* Work order
Among the lines below, the one containing "Graphe de la" opens the range and the one containing "18-64 population without" closes it. Print that range exactly, without the pictures.

Records for this exercise below:

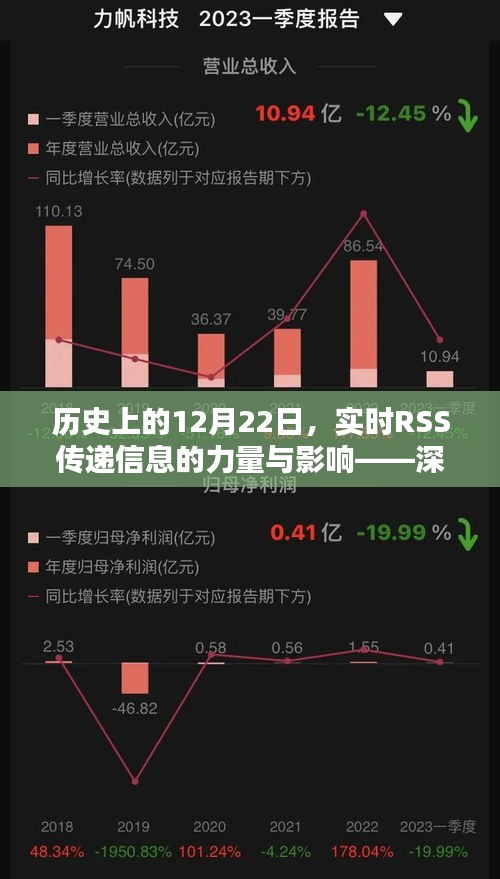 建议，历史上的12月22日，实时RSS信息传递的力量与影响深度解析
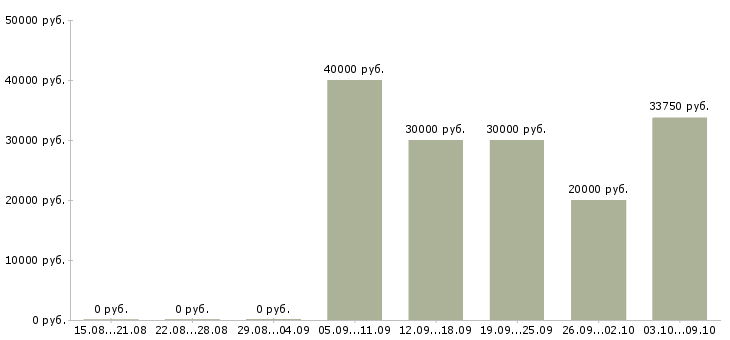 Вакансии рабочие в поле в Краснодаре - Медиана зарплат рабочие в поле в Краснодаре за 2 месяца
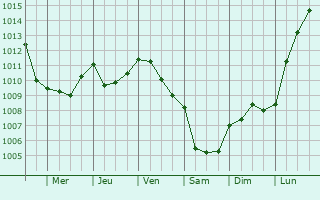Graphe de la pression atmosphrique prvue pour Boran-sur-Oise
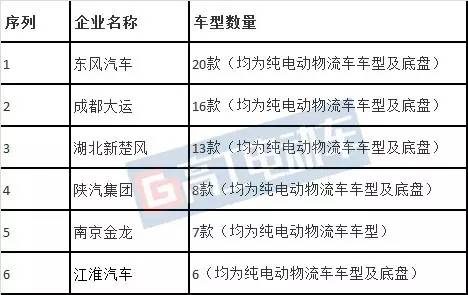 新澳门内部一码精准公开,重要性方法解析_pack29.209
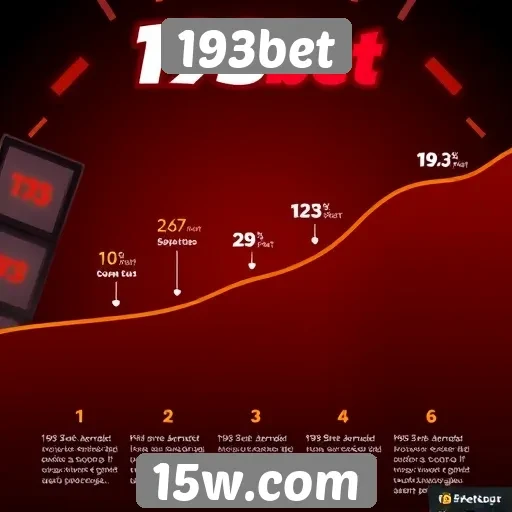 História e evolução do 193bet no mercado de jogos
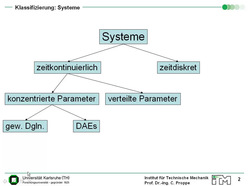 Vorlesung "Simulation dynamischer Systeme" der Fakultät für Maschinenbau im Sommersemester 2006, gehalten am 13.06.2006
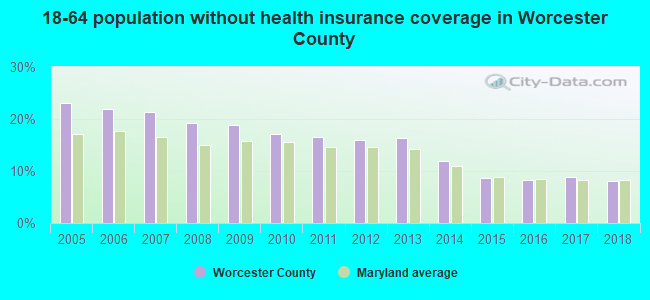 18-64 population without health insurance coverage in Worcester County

End of Records for this exercise.
Records for this exercise below:

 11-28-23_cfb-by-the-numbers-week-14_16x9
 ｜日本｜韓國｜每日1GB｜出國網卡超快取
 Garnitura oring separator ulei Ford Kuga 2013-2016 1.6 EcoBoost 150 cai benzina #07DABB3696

End of Records for this exercise.

* Expected answer
Graphe de la pression atmosphrique prvue pour Boran-sur-Oise
 新澳门内部一码精准公开,重要性方法解析_pack29.209
 História e evolução do 193bet no mercado de jogos
 Vorlesung "Simulation dynamischer Systeme" der Fakultät für Maschinenbau im Sommersemester 2006, gehalten am 13.06.2006
 18-64 population without health insurance coverage in Worcester County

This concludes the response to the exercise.